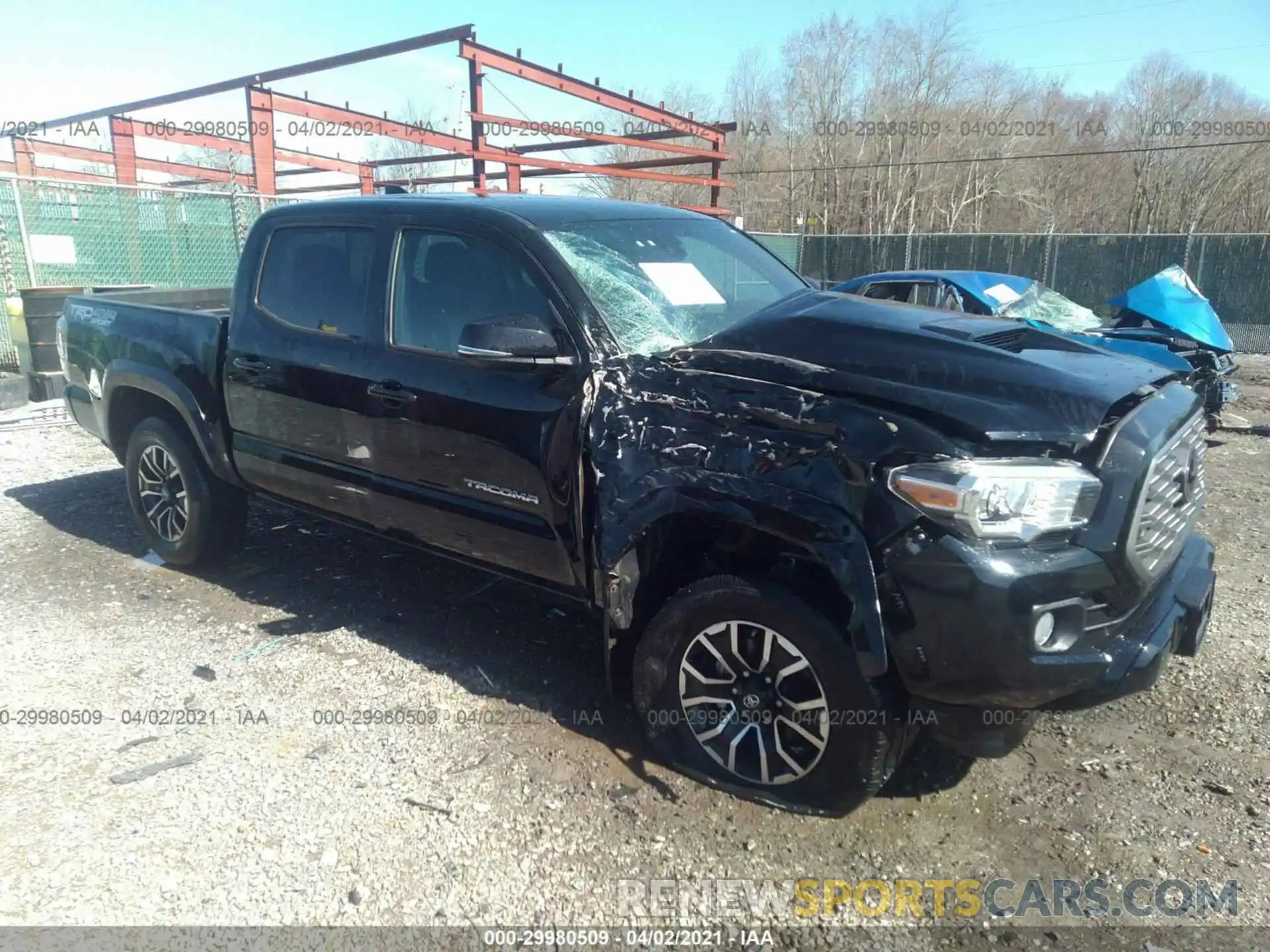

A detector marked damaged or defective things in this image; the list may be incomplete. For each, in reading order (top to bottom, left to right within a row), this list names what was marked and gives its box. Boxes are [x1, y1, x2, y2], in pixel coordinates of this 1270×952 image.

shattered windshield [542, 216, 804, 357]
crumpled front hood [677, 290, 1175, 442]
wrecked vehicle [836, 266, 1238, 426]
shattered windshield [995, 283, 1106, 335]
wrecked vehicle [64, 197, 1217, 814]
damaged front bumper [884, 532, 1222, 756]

---

§ **EXERCISE GOAL**
Pictures stay out; repeat all the rest of the records exactly.

§ **RESULT**
A detector marked damaged or defective things in this image; the list may be incomplete. For each, in reading order (top to bottom, left to right within a row), this list names what was marked and gives its box. Boxes are [x1, y1, x2, y2], in pixel coordinates of this 1270×952 image.

shattered windshield [542, 216, 804, 357]
crumpled front hood [677, 290, 1175, 442]
wrecked vehicle [836, 266, 1238, 426]
shattered windshield [995, 283, 1106, 335]
wrecked vehicle [64, 197, 1217, 814]
damaged front bumper [884, 532, 1222, 756]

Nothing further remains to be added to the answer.